Begin at the line containing "Plain Recycled Yarn" in the data below and go on through the line containing "Recepta - Sorbet", repeating each line exactly; include both ends and no other line.

- _SUPPLIED INFORMATION_:
^^^^
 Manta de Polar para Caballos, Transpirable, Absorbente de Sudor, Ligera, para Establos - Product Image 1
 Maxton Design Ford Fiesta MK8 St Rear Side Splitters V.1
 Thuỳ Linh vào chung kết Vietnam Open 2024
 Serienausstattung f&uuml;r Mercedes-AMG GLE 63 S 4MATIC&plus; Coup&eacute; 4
^^^^
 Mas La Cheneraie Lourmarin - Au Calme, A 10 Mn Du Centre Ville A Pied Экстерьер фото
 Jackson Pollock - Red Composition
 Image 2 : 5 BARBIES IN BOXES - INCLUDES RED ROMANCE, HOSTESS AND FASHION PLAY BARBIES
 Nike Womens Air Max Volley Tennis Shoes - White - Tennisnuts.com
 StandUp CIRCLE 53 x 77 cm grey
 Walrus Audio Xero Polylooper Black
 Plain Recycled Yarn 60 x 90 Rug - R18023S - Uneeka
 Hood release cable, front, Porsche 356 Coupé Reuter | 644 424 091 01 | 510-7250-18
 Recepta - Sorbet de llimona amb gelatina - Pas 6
^^^^
- _RESULT_:
 Plain Recycled Yarn 60 x 90 Rug - R18023S - Uneeka
 Hood release cable, front, Porsche 356 Coupé Reuter | 644 424 091 01 | 510-7250-18
 Recepta - Sorbet de llimona amb gelatina - Pas 6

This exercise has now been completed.